La pesadilla

Anoche tuve un sueño. En mi mente aparecía, como en una película en blanco y negro, un niño con pantalones cortos, una camiseta y un jersey con agujeros en los codos y unos zapatos con las suelas desgastadas y los efectos propios de las patadas al balón y a las piedras del camino. Era domingo y, tras el salivazo de rigor en el dedo que hacía las veces de peine, salía con la raya al lado y el pelo pegado camino de la iglesia. Algunos de sus amigos ya no tenían esa obligación, ni estaban expuestos a la tortura del qué dirán. Podían jugar a las canicas o al trompo sin tener que dar explicaciones después sobre como iba vestido el cura y qué había dicho en el púlpito.

Entre vuelta y vuelta, la visión avanzaba en el tiempo en el que cualquier comentario sobre política era tabú y solo se podía hablar de esos temas entre susurros. Ya no digo nada si alguna pregunta tenía que ver con los “rojos”. Sobresaltado, me desperté con la cara impregnada de de sudor y encendí la televisión para olvidar la tortura que Morfeo me había impuesto. Puse un informativo al azar y mis glándulas sudoríparas lejos de relajarse se alteraron todavía más hasta el punto de que los efectos ya se dejaban ver en el pijama.

En el monitor aparecían unos señores que se enorgullecían de pertenecer a la derecha sin complejos, de haber conseguido representación parlamentaria en Andalucía, que estaban en alza en el resto de España y que defendían una educación concertada y segregada y que la violencia machista era un término a erradicar porque para ellos no existía.

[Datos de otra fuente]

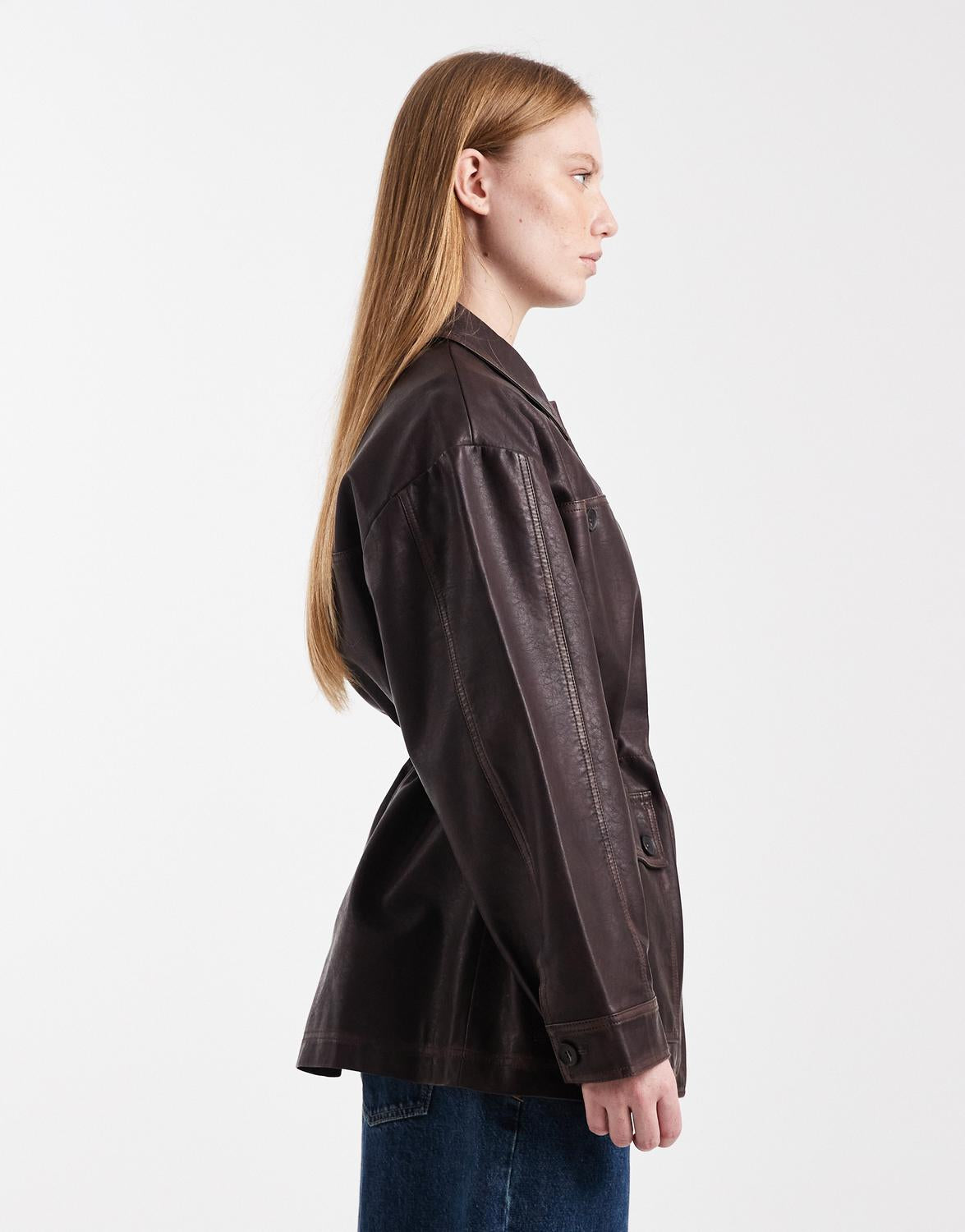 TSTANJA Jacket - Bronze Brown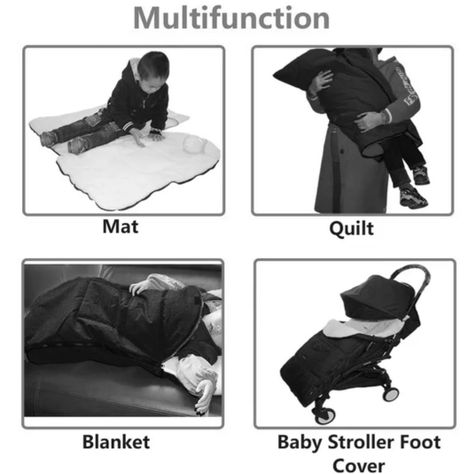 Saco Para Coche Bebé Impermeable Abrigador Forrado Cubre Pie-3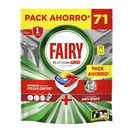 FAIRY Detergente Máquina Loiça Pastihas Platium Plus Limão 71 un FAIRY Detergente Máquina Loiça Pastihas Platium Plus Limão 71 un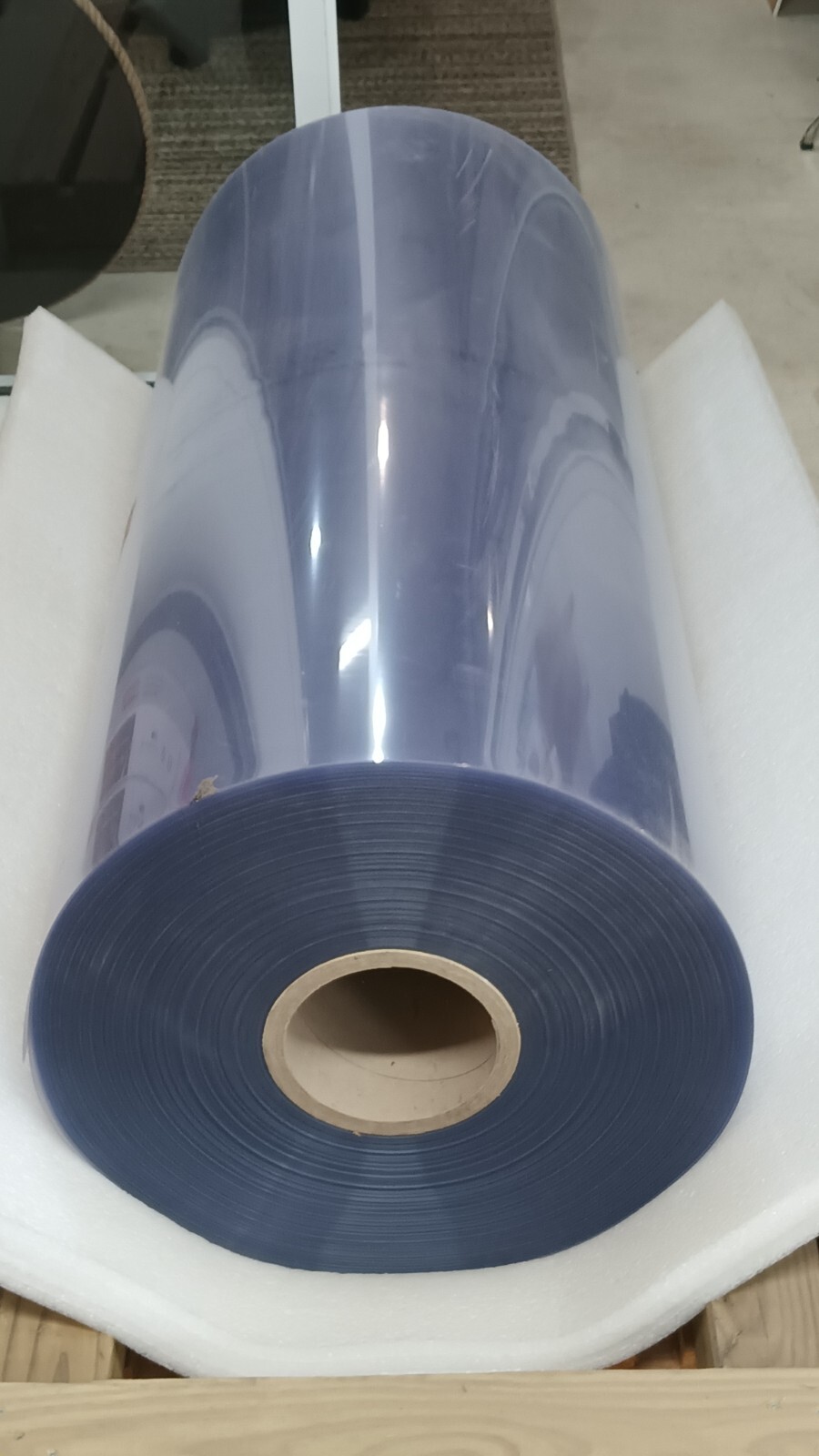 Clear Polycarbonate Roll for Face Shields Plastic Large 48.5 wide 750 feet long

Tuve que beber un vaso de agua para despejarme. Quizá seguiría en esa fase del sueño en la que todavía no se es consciente de la realidad. Pero al dar el último trago, y ya en otro canal por aquello de contrastar la información, me entero de que esos mismos abogan por una policía de fronteras para expulsar a los inmigrantes, al mismo tiempo de que en su política cultural prima el apoyo a los toros, a la caza, al flamenco y a la Semana Santa.

No puede ser, pensé. Apagué el televisor que me hipnotizaba y abrí un periódico para comprobar si lo que había visto en la caja tonta solo era el fruto de mi imaginación, pero nada más comenzar a leer me sobresalté. Mi sueño era más real de lo que parecía y a partir de ahí el sudor se volvió frío y entre temblores reflexioné que la ultraderecha tenía que llegar a España tarde o temprano.

Quizá estuvo siempre presente, aunque disimulada y camuflada en los últimos años, pero ahora, con el auge del extremismo en Europa, se ha despojado de todas sus alforjas para marcar la agenda política tras su irrupción en el parlamento andaluz con doce diputados y un pacto que arrastra al PP y que también afecta a Ciudadanos, pese a su insistencia en la equidistancia.

Sonó el despertador y su monótona música hizo que poco a poco me desperezara para iniciar la actividad diaria con el runrún en mi cabeza de lo que me había sucedido por la noche no era un sueño, sino una pesadilla, que no es otra cosa que el reflejo de nuestros miedos y preocupaciones.